Wielki gmach, który zna każdy warszawiak, ale którego wnętrz nie zna prawie nikt. A jednak, rosyjska ambasada odkryła niedawno swoje tajemnice przed kamerą TVN24, a wszystko to przy okazji święta dyplomacji rosyjskiej.
- Varsavianista czuje podniecenie zawsze wtedy, gdy wchodzi gdzieś po raz pierwszy - powiedział Jarosław Zieliński, historyk Warszawy, który napisał książkę o socrealistycznej sztuce stolicy i który, warto dodać, też do teraz nie miał przyjemności gościć w gmachu przy Belwederskiej. - To dosłownie jak odkrywanie skarbów - dodał.

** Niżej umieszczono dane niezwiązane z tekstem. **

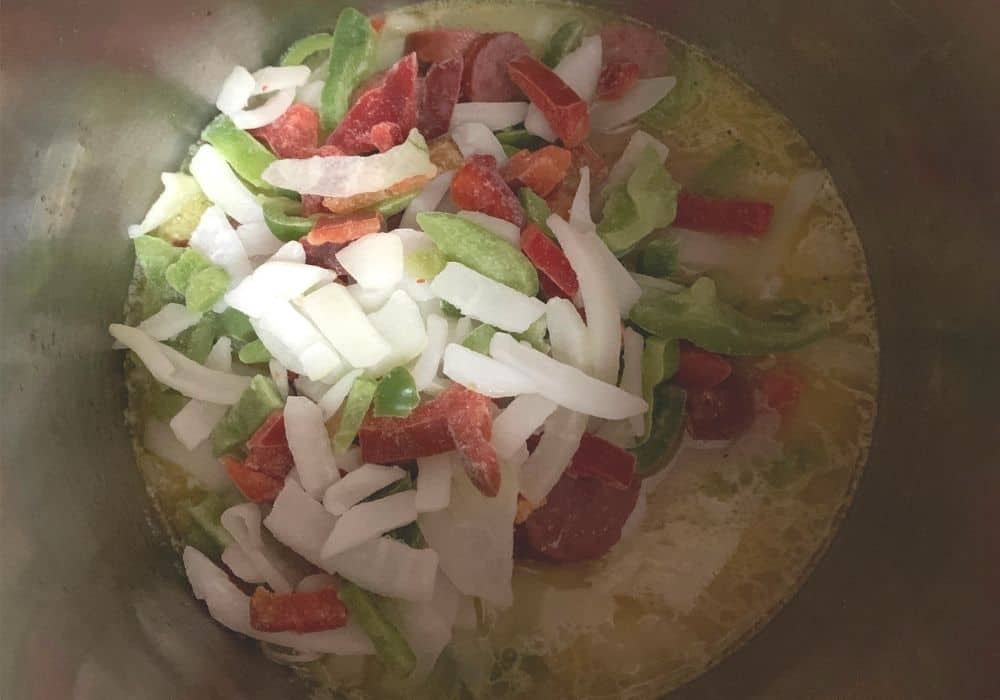 frozen peppers and onions added to the insert pot of the Instant Pot
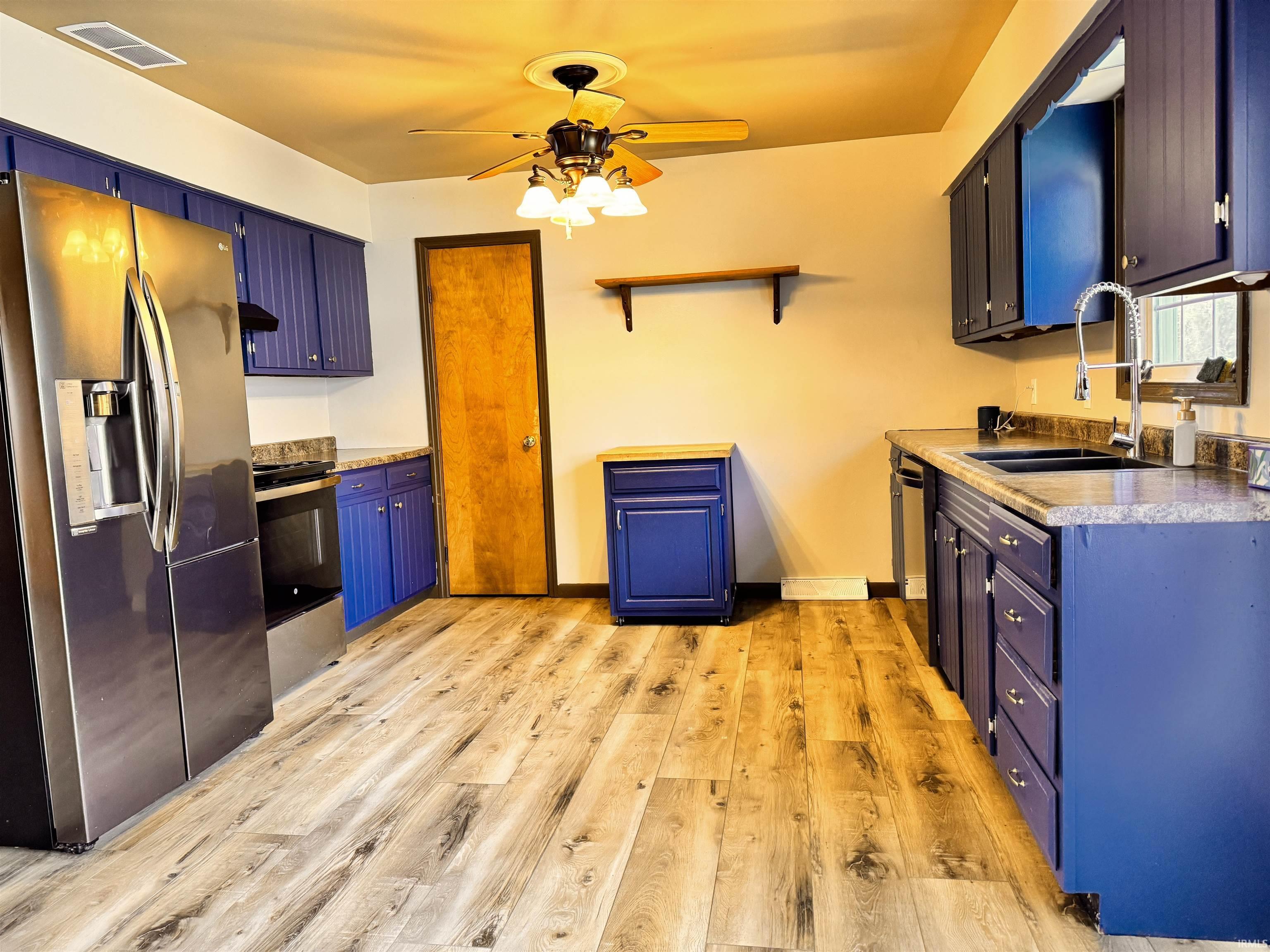 Image 2: Kitchen featuring stainless steel appliances, light wood-style flooring, ceiling fan, open shelves, and blue cabinets, Kitchen Image 2: Kitchen featuring stainless steel appliances, light wood-style flooring, ceiling fan, open shelves, and blue cabinets, Kitchen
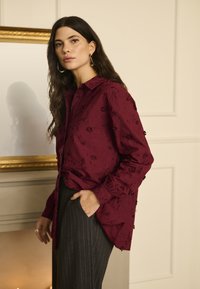 Bordeaux broderet bluse med krave og lange ærmer, prydet med blomsterdesigns og en løs pasform, parret med mørke stribede bukser.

To, co zobaczyłem niemal nie różniło się od zdjęć opublikowanych w 1956 roku. varsavianista Jarosław Zieliński
Pan ambasador spytał, jak jak bym sobie wyobrażał takie oprowadzanie, gdzie powinniśmy zacząć. Okazało się, że to było zupełnie puszczone na żywioł, co mnie trochę wystraszyło, ale jakoś zapanowałem nad sytuacją. varsavianista Jarosław Zieliński
To właśnie dzięki niemu i dzięki herbacie z rosyjskim ambasadorem udało się zorganizować dzień otwarty w ambasadzie.
Puszczeni na żywioł
- Pan ambasador spytał, jak bym sobie wyobrażał takie oprowadzanie, gdzie powinniśmy zacząć. Okazało się, że to było zupełnie puszczone na żywioł, co mnie trochę wystraszyło, ale jakoś zapanowałem nad sytuacją - relacjonował varsavianista.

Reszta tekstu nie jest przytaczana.